Dawning understanding came into Bianca’s pale blue eyes. “Oo-oh, I see. You’re here to make a purchase.”

“Depending on the cost, yes.” That was where this conversation was going to get really sticky. His finances were limited and he could only bluff so far before they, potentially, made him look like the desperate man he was. “So what’s your price?”

Bianca looked at him, raising her finger to her mouth and looking him over as she considered. “From what I hear, the Devere Ranch doesn’t have a whole lot of money, Ben.”

“Don’t listen to everything you hear.”

“Fireflight’s worth a whole lot.”

“Potentially.” He tried to look casual. “You never know what you’re gonna end up with. Artificial insemination of a mare…well, it’s a hell of a gamble. You know that.”

She gave a nonconcessionary nod. “It’s a gamble a lot of people are willing to pay a hell of a lot of money for.” She eyed him. “Victor’s working a colt out at the track every morning, and he says the times are absolutely amazing. He may even beat his sire. So I’m thinking it’s a pretty safe bet anyone who sires a mare by Fireflight will end up with a profit in the end. That is, if they can pay up front.”

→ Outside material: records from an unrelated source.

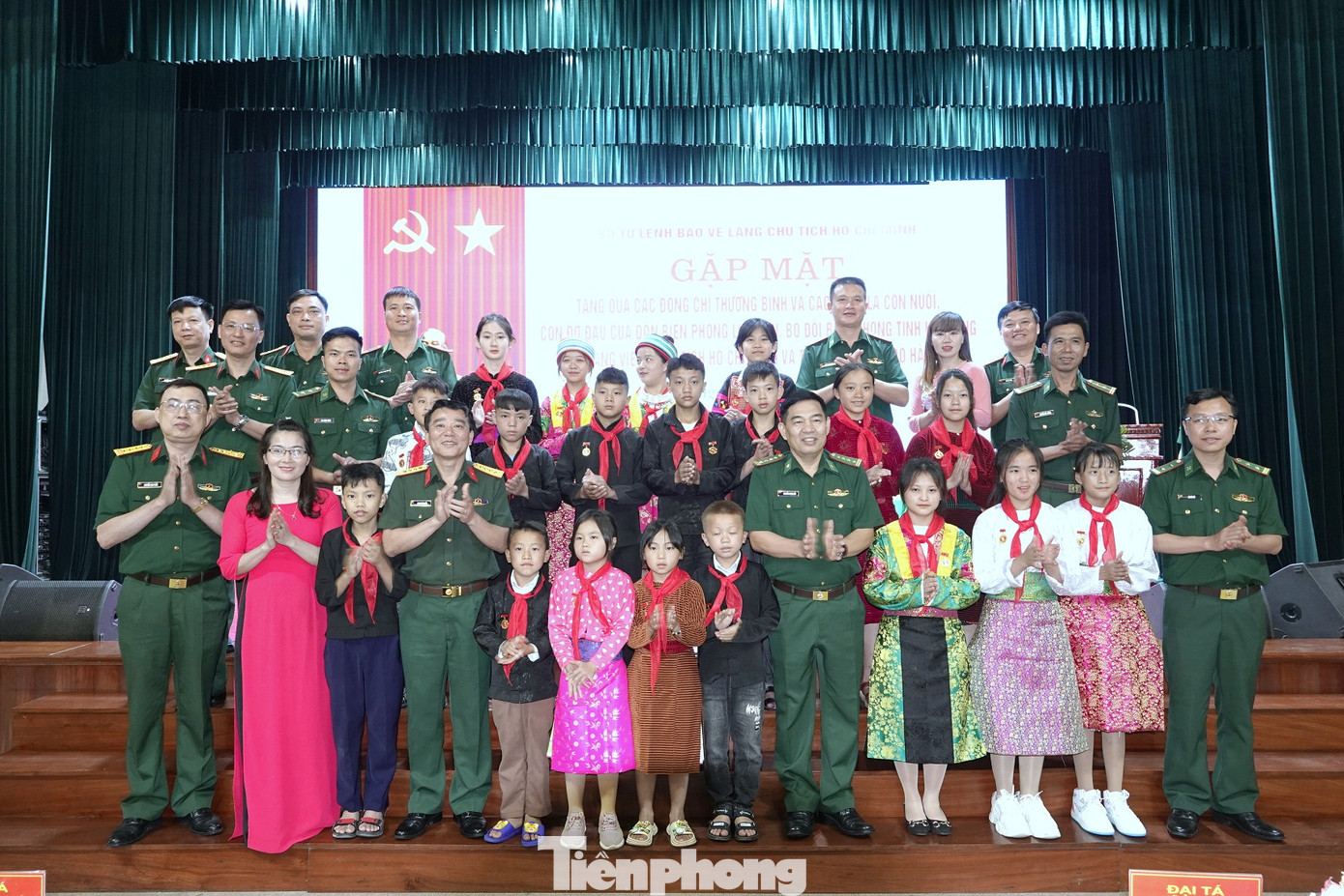 Lãnh đạo các cơ quan, đơn vị cùng các đại biểu và học sinh ở huyện Đồng Văn, tỉnh Hà Giang tại buổi gặp mặt, sáng 6/6. Ảnh: Nguyễn Minh Lãnh đạo các cơ quan, đơn vị cùng các đại biểu và học sinh ở huyện Đồng Văn, tỉnh Hà Giang tại buổi gặp mặt, sáng 6/6. Ảnh: Nguyễn Minh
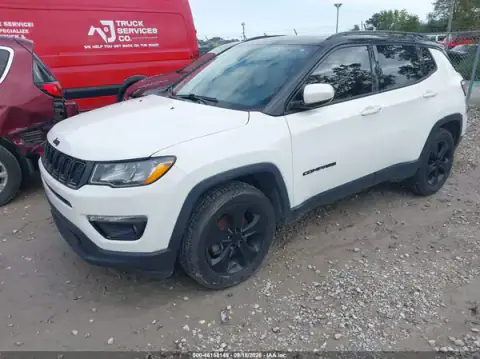 3C4NJDBBXJT394698 — 2018 Jeep Compass, фото 2 с аукциона IAAI 04.10.2026, задняя часть слева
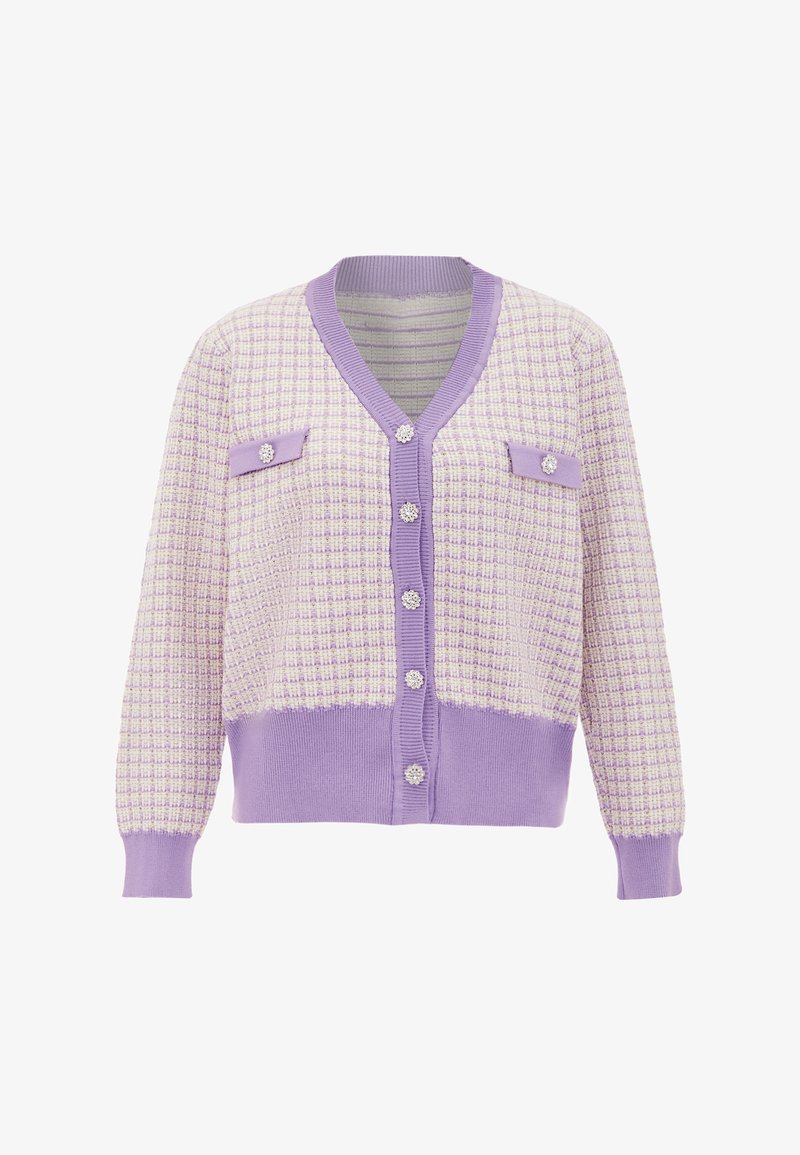 Cardigan lilla con un motivo a maglia testurizzato, dotato di scollo a V, bottoni perle e due tasche frontali, in contrasto con una parte inferiore uniforme.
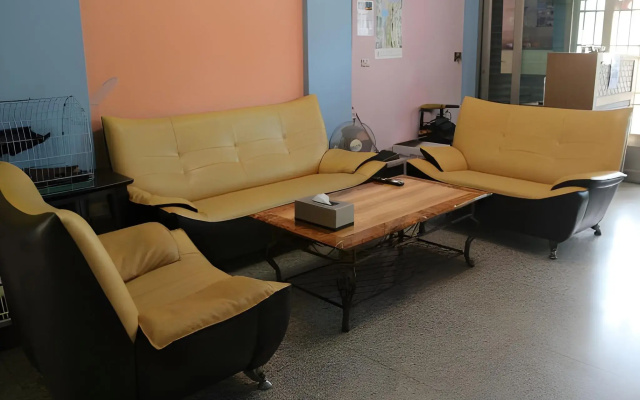 16 Alley Hostel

“What are we talking about?”

“Half a million.”

He couldn’t shell out more than a quarter million. Not for such a risky chance as this. After all, the money was going to be coming out of his pocket, not the ranch’s. “Well, Bianca, this business being what it is, I think I’d rather just take a chance with what I’ve got.” He gave a short nod and started back toward his truck.

“I think I might know a way you can take it for free, though,” Bianca called behind him in a singsong voice.

This was no time to stand on pride. He stopped and turned back to her, cautiously keeping his face impassive. “Who do I have to kill?”

She laughed. “You only have to date my sister.”

She hadn’t said what he thought she’d said. Surely she wasn’t suggesting it was worth five hundred grand to Kate to have a date. “What are you talking about?”